#### AVAILABLE DATA
╔══
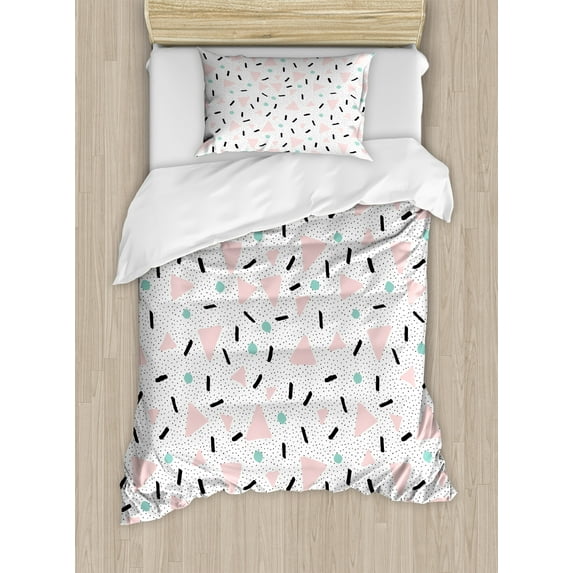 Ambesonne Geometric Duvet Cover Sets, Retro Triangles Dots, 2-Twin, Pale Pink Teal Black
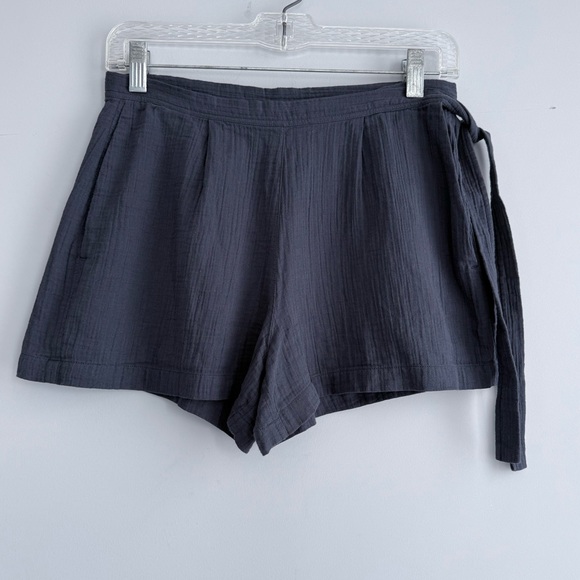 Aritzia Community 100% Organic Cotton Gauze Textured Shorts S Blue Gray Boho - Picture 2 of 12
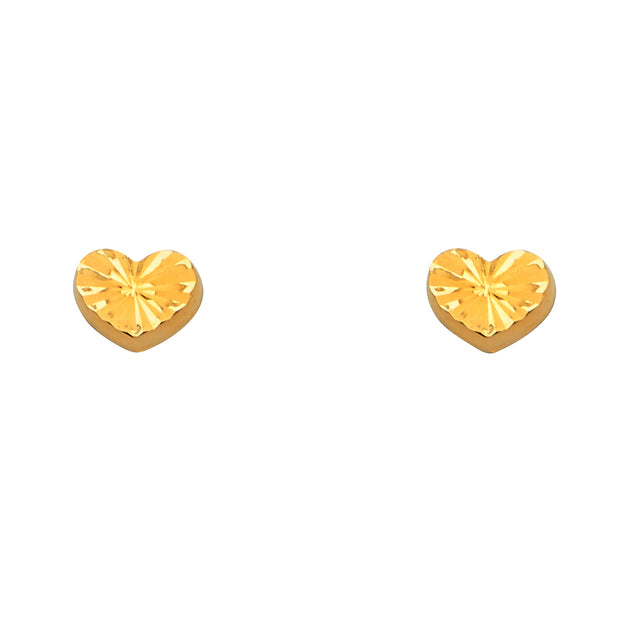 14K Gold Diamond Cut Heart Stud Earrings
╚══
╔══
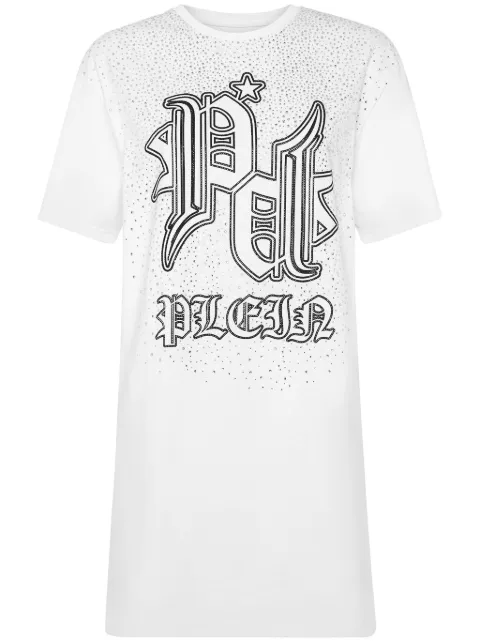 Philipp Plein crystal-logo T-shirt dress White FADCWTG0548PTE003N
╚══
╔══
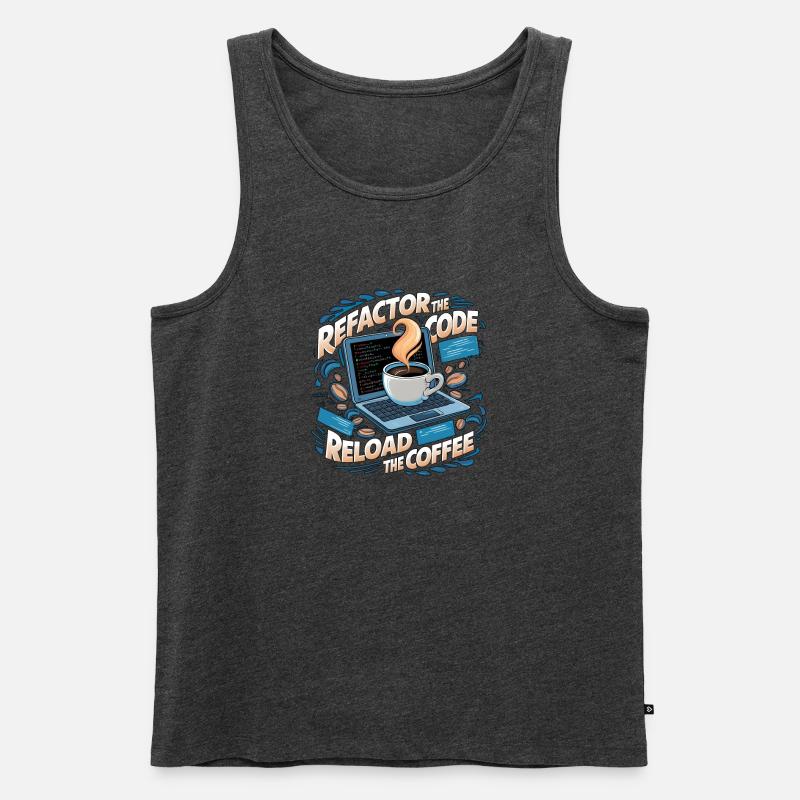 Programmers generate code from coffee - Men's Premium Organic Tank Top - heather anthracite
╚══
#### WHAT YOU NEED TO DO
In the listing above, find the line holding "Ambesonne Geometric Duvet" and the line holding "14K Gold Diamond Cut Heart Stud Earrings". Reproduce those two lines and all between them exactly, leaving out pictures.

#### YOUR SOLUTION
 Ambesonne Geometric Duvet Cover Sets, Retro Triangles Dots, 2-Twin, Pale Pink Teal Black
 Aritzia Community 100% Organic Cotton Gauze Textured Shorts S Blue Gray Boho - Picture 2 of 12
 14K Gold Diamond Cut Heart Stud Earrings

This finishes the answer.